Commissioners make library pay security costs of ‘Drag Queen Story Hour’

Leonardtown, MD — Transparency and accountability were the pervasive themes for the heated, 45-minute discussion between the St. Mary’s County Library Board Members and the Commissioners of St. Mary’s County (CSMC) at the commissioner’s July 16 meeting. What started off as an informative brief from library personnel turned sour by the end of their discussion, with the CSMC passing Commissioner John O’Connor’s motion to transfer funding in the amount of $2,439.48 from the library budget to the St. Mary’s County Sheriff’s Office, in order to recoup security costs from the controversial Drag Queen Story Hour held last month at the Lexington Park Library.

The event, which took place on June 23 and was co-sponsored by the Parents and Friends of Lesbians and Gays of Leonardtown(PFLAG-Leonardtown)and the Southern Maryland Secular Humanists(SMASH), ultimately led to the arrest of one man. However, while the commissioners originally took issue with the content of the event targeting children, the evident issue needing a solution today was who would pick up the tab for the “extraordinary law enforcement services” that were required for the event.

“For me, what I don't like to see is our public safety resources being drained from other places in the county and our budget is being drained for controversial measures that are happening at the library,” Commissioner O’Connor said. “This is multiple times where we have incurred costs associated to your free rooms… you can charge should you like to charge, I mean you are allowed to. I think that is something that you seriously need to look at.”

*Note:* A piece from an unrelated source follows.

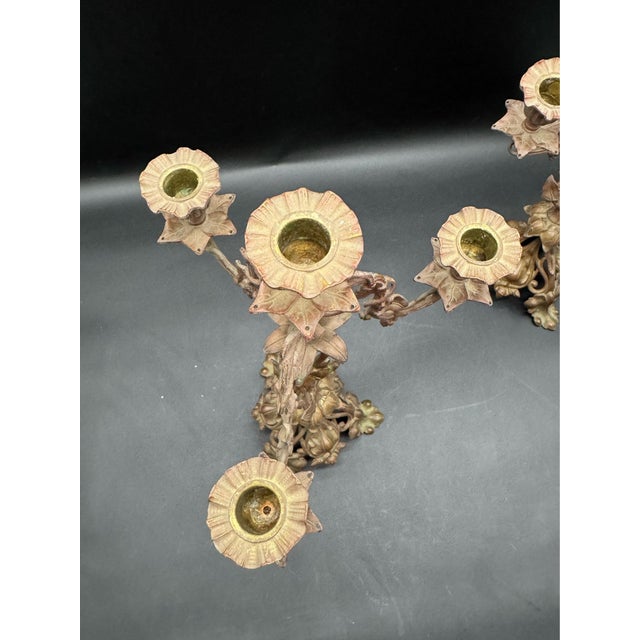 Antique French Art Noveau Bronze Candelabra Set For Sale - Image 4 of 7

Although Library Director Michael Blackwell made it clear that the event was neither sponsored by the library or even brought to their attention until shortly beforehand, the commissioners seemed to agree that monetary action was appropriate given the circumstances, likely hoping to discourage any future “controversial programming” at the library.

“Right now, what is happening is the library’s programming is causing the taxpayers in this county to suffer and not have the available resources where it needs to be, across the board… having law enforcement officers away from their family, etc., but most of all it’s coming out of every taxpayer in this county’s pocket,” O’Connor said. “My idea is that if you are going to have controversial programming, you're going to have to reimburse the Sheriff’s Office for the cost’s associated with any type of controversial programming.”

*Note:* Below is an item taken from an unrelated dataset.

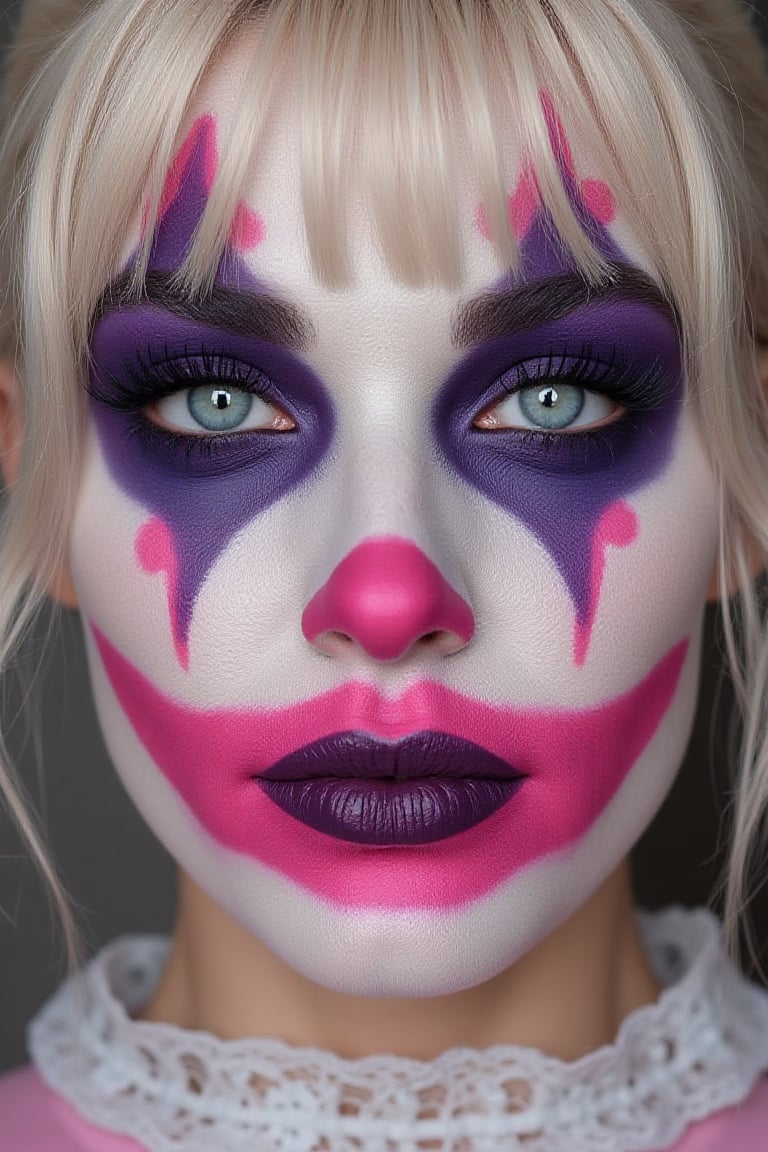 Harley Quin Close-up of a person's face with elaborate creepy clown makeup. 


The makeup features bright pink and white areas, with darker purple and black accents. The face is painted with a clown-like design, including exaggerated features like the eyes, nose, and mouth.  The eyes have white contact lenses, creating a striking contrast with the black and purple makeup around them.  Eyelashes are also applied, with dark, feathery false lashes. The mouth is a wide, sinister smile, with a dark purple-blue outlining its shape.


There are small, pink flower-like designs at the corners of the eyes and cheeks.  The overall effect is one of a theatrical, unsettling clown makeup, likely for a Halloween or special event costume. The person's hair is light blonde/platinum blond, visible as a fringe/side-swept style around the face. 


The skin appears to be fair and smooth, though not fully natural due to the layers of makeup. A lacy, white fabric collar, or ruffle, is visible at the base of the neck.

Another interesting point that was brought up by Commissioner Eric Colvin was regarding a post made on the American Library Association’s[ALA] website by St. Mary’s County Librarian Tess Goldwasser two years ago. The content of her post suggested ways for librarians to “sneakily fit [LGBT] stuff into current [children’s] programming” while acting as a “secret librarian advocate operative.” Transparency with the library’s board was challenged and thoroughly discussed after reviewing that post, with a resulting optimistic attitude of cooperation with the CSMC that could lead to library board meetings being broadcast in the not so distant future.

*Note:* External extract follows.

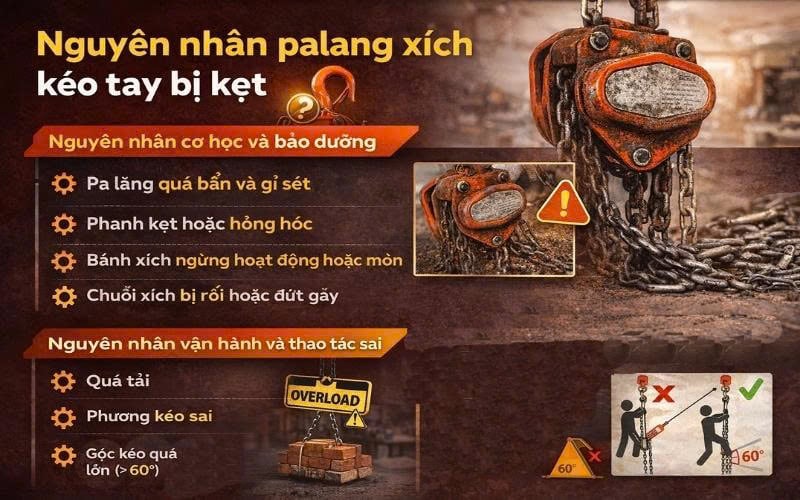 Nguyên nhân palang xích kéo tay bị kẹt khi sử dụng Nguyên nhân palang xích kéo tay bị kẹt khi sử dụng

“There is no doubt that the libraries are doing a lot of wonderful stuff… More disturbing to me than the [Drag Queen Story Hour] was the article that came to light on the ALA website,” Colvin explained. “That was a very troubling article to see that a children's librarian was hiding information in programs, and that leads me to believe that there’s some public trust that has been lost in the libraries…

One idea that I’d like to throw out for you to consider as a board, because as a state board you have different operations, but I would encourage you to consider operating by the county’s open-meeting policies. Perhaps you could start using the counties ‘BoardDocs,’ and I think it would be perfectly fine for you to use this meeting room for your regular meetings, and be televised to provide openness [and] transparency.”

While visibly dismayed by the commissioner’s decision to take funds away from the library, Library Director Michael Blackwell appeared to understand the frustration and agreed that while their enhanced transparency would be positive, it would jokingly “not make for very entertaining television.”

“It’s unfortunate that you have taken money away from the library for something we couldn't stop and I feel it is a retrospective action, but you've taken that action,” Blackwell said in his closing thoughts. “We will happily hear from you about your future concerns. I don’t know how we are going to stop one group from using our meeting rooms, when frankly it is getting them exactly [the reaction] they want. This library does phenomenal work for the county residents… I would hope that you would concentrate on all of the positive things that we do. I understand that you hear from residents, I hope you also hear from residents who are saying that the library is doing good things and that you do hear the positive case for us.”